Right, first things first: this was a massive hassle. In order to cram a pedicure, spray tan, eyelash tint and bikini wax into a 48 -period, I was basically forced to lead a double life. So I had to discreetly skive off work, pretending that I was leaving The Times office to go somewhere important, rather than actually heading directly to the beauty salon at Topshop on Oxford Street. I also had to text my girlfriend to say that I wasn’t going to be home in time to help put our baby to bed, because a woman I had only just met had me naked on a table and was asking if I wanted a smooth scrotum. To be honest, I wasn’t sure I did. I ended up with one anyway.
Prior to all of this, it had honestly never occurred to me that, for many women, getting ready to go on holiday took this much effort.

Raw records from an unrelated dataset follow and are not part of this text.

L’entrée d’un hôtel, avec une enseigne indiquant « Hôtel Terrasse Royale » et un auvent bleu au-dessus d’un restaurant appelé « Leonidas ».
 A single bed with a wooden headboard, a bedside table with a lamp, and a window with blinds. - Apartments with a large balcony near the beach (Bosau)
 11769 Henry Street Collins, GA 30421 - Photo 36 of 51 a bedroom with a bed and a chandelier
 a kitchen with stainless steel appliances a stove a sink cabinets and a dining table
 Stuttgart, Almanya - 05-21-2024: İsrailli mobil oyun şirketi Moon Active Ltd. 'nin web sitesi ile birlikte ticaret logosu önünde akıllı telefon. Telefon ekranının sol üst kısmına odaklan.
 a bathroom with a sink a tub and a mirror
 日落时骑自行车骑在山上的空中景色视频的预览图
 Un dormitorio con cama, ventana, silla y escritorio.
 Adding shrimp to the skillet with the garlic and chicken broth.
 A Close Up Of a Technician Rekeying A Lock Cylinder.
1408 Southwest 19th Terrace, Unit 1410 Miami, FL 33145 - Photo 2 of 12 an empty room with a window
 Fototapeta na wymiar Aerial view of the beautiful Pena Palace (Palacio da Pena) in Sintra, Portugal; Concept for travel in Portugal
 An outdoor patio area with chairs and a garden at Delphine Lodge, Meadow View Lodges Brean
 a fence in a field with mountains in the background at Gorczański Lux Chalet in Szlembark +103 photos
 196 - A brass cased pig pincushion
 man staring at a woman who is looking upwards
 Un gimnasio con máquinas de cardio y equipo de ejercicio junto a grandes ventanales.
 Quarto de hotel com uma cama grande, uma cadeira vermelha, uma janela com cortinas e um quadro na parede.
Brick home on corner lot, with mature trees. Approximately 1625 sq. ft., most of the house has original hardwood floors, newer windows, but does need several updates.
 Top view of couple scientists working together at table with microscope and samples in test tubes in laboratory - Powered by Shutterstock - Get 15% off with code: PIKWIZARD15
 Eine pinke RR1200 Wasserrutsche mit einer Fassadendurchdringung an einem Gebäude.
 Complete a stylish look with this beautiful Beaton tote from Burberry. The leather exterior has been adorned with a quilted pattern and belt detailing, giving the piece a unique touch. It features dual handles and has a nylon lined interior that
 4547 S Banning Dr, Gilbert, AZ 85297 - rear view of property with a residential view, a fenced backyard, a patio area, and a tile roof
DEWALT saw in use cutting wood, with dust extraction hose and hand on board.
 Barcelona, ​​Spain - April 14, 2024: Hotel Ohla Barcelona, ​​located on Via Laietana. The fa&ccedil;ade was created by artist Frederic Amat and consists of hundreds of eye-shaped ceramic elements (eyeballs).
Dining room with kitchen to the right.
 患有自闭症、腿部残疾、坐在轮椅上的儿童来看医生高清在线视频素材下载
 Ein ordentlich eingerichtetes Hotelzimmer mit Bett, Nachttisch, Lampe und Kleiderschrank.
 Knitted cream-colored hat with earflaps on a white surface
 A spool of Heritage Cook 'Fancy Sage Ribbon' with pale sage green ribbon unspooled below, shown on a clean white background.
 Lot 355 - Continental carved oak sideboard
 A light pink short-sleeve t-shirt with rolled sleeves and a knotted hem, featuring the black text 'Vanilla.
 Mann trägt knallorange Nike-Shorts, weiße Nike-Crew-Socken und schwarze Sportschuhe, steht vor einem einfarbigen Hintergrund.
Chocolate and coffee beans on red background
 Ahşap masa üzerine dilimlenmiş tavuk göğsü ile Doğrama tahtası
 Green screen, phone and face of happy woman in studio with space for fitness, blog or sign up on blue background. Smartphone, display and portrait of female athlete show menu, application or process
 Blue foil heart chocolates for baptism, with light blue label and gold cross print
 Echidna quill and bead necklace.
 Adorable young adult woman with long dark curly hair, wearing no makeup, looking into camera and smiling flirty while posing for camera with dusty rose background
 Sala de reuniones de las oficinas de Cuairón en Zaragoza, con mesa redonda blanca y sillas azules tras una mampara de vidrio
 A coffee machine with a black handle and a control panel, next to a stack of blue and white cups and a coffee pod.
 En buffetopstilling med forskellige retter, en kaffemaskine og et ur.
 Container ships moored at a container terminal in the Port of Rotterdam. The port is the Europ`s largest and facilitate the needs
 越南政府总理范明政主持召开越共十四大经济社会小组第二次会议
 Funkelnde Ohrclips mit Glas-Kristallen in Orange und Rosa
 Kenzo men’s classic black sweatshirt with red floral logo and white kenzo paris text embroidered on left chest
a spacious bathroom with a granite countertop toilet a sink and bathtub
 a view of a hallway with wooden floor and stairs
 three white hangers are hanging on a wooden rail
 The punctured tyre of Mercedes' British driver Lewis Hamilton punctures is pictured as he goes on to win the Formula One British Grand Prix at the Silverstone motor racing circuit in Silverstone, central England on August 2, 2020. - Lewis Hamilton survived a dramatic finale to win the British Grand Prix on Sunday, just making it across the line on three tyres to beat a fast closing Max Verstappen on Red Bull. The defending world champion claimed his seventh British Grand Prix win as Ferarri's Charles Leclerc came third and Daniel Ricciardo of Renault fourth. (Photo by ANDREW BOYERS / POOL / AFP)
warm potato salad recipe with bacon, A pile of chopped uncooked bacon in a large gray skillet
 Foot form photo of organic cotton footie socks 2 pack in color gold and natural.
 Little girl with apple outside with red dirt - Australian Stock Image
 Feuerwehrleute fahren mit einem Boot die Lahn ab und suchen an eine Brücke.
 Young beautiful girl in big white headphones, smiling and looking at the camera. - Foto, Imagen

Like most things in life, it’s so much more straightforward for men. The night before my flight, I’ll make sure I have swimming trunks, flip-flops and a paperback with a big sword on the cover. But even if I don’t, I know I can just pick them up at the airport anyway. Easy. But this? This was intense. And so fiddly. And, at least to begin with, I wasn’t entirely sure what was in it for me.
I began with the Ultimate Cowshed Pedicure. I’d never had one before and wasn’t crazy about unveiling my feet – and in particular my toenails, because they are quite gross, mainly due to lack of care and playing football. However, the nice woman who looked after me did a good job of hiding her disgust and said that these days, lots of men come in to have their feet done. And on one level, I can see why. It was relaxing and my feet looked marginally less rank than when I arrived. It never occurred to me that other people around the hotel pool would spend much time scrutinising my toenails, but whatever. No harm done, which is more than I can say for the wax.
Now, full disclosure: I am not a total wax virgin. On my last holiday, I decided to use some of my girlfriend’s Veet strips to remove the strange-looking rings of hair that form around both of my nipples. And that’s it. But this? This was nuclear. Pre-appointment, I downed two quick pints of lager, which I think helped dull the pain a little bit (apparently, this is not uncommon). It took almost an hour and a half for the Ministry of Waxing to do my legs and give me a Brazilian, although we ran out of time before we could do my bum. But I guess this isn’t something women have to worry about much. Well, most women, anyway. When I got home, my girlfriend immediately demanded to see the results, then squealed and pulled a rather horrified face. She definitely prefers me with pubes. So do I. My whole lower body felt soft, tender and fleshy. And a week on, it still does. If any woman said she was going to wear men’s swimming trunks, rather than bikini bottoms in order to avoid the whole ordeal, I would respect that 100 per cent.
Now onto the eyelash tinting. I didn’t really understand it at all. Something about making them darker, so you don’t need to wear mascara on the beach? I don’t use mascara, but gave it a crack anyway at Blink Brow Bar, and 15 minutes later I had slightly fuller lashes that I doubt anyone noticed.
I had the full-body spray tan on a Saturday morning, which meant hauling myself into town instead of chillaxing in my pants. The guy who did it, James Harknett at the W Away Spa, was lovely and suggested I go for a light shade given that this was my first time. ‘Right, let’s get you golden!’ he declared, and started spraying. I hadn’t expected it to feel so cool on my skin, but it wasn’t exactly unpleasant. Less than ten minutes later, I was done, and left the spa with an entirely believable tan. I go dark pretty easily, though, so to anyone who knew me, I could have just fallen asleep in the park on a really sunny day.
So, here I am, tanned and smooth, with soft feet and (apparently) luscious lashes. I sympathise with what women go through before they set off on holiday, but then I also understand that it makes them feel comfortable and confident. For the most part, I felt stressed and self-conscious – and if I’d been paying out of my own pocket, skint to boot. It did make me want to go on holiday, though – if only to recuperate from it all.